После изложенного выше собеседования Пилат снова выходит к иудеям и, по словам четвертого евангелиста, заявляет им, что не нашел никакой вины за Иисусом. Это заявление мотивировано здесь, в четвертом евангелии, лучше, чем в рассказе Луки, где Пилат после краткого утвердительного ответа Иисуса тотчас убеждается, что Иисус невиновен.

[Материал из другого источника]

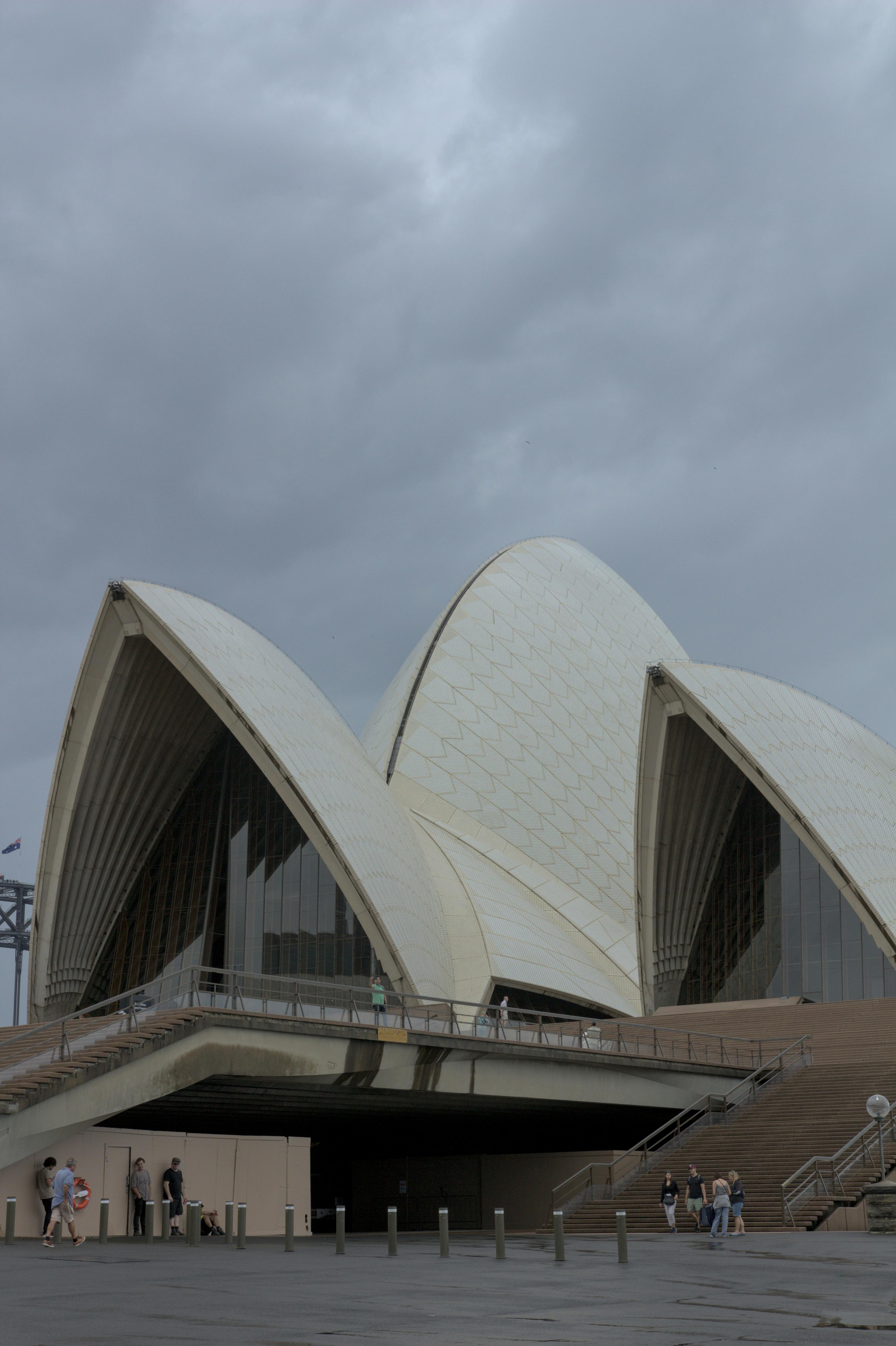 A Sydney Opera House navega em um dia nublado
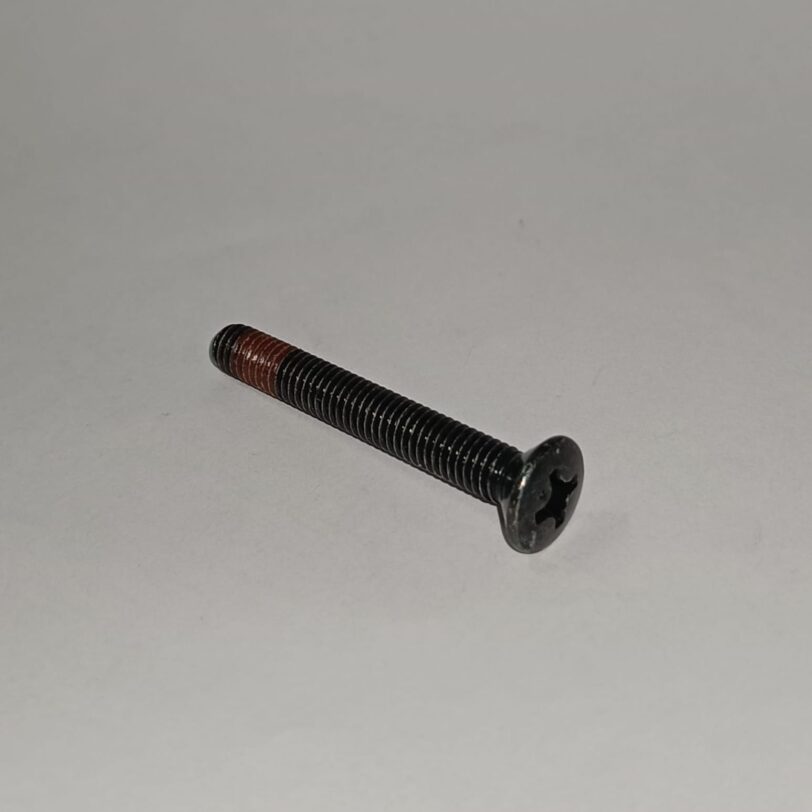 90108KTW900 VITE CON TESTA OVALE 6X45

Впрочем, заявление Пилата о невиновности Иисуса сформулировано четвертым евангелистом по тексту Луки; у обоих первых евангелистов оно приводится в ином месте и сформулировано вообще иначе: у них в данном месте говорится о Варавве, тогда как у Иоанна Варавва упоминается после вышеприведенного заявления Пилата, а у Луки — после некоторой вводной сцены; вообще же следует признать эпизод с Вараввой, столь крепко укоренившийся в древнехристианском предании, эпизодом историческим. Но весьма сомнительно, действительно ли хотел Пилат, как утверждают евангелисты, воспользоваться обычаем иудеев в праздник пасхи амнистировать («отпустить») одного из осужденных на смерть преступников, чтобы апеллировать к беспристрастию народа против фанатического духовенства, рассчитывал ли он добиться освобождения Иисуса, противопоставляя ему разбойника и убийцу, — и настоятельно ли он добивался этого. Немыслимо, затем, и сообщение о том, что Пилат, не достигнув своей цели, умыл демонстративно («перед народом») свои руки в удостоверении невинности Иисуса и заявил, что он, Пилат, невиновен в пролитии крови «Праведника Сего», и возложил ответственность за смерть его на иудеев. Трудно поверить и тому, чтобы весь собравшийся народ на это заявил: «Кровь Его на нас и на детях наших». Эти детали сообщаются лишь в первом евангелии и, очевидно, создались всецело на почве позднейших представлений христиан, которые в последующем разгроме государства и народа иудейского усматривали кару, постигшую «детей» за пролитую их «отцами» кровь Иисуса, и которые Пилату приписали свое собственное желание во что бы то ни стало засвидетельствовать невиновность Иисуса каким-нибудь официальным актом: Пилат едва ли мог настолько заинтересоваться судьбой мечтателя-иудея, каким он в лучшем случае считал Иисуса, чтобы подобным умовением рук своих обнаружить собственную слабость и робость и признаться, что он побоялся спасти от казни невинно осужденного человека.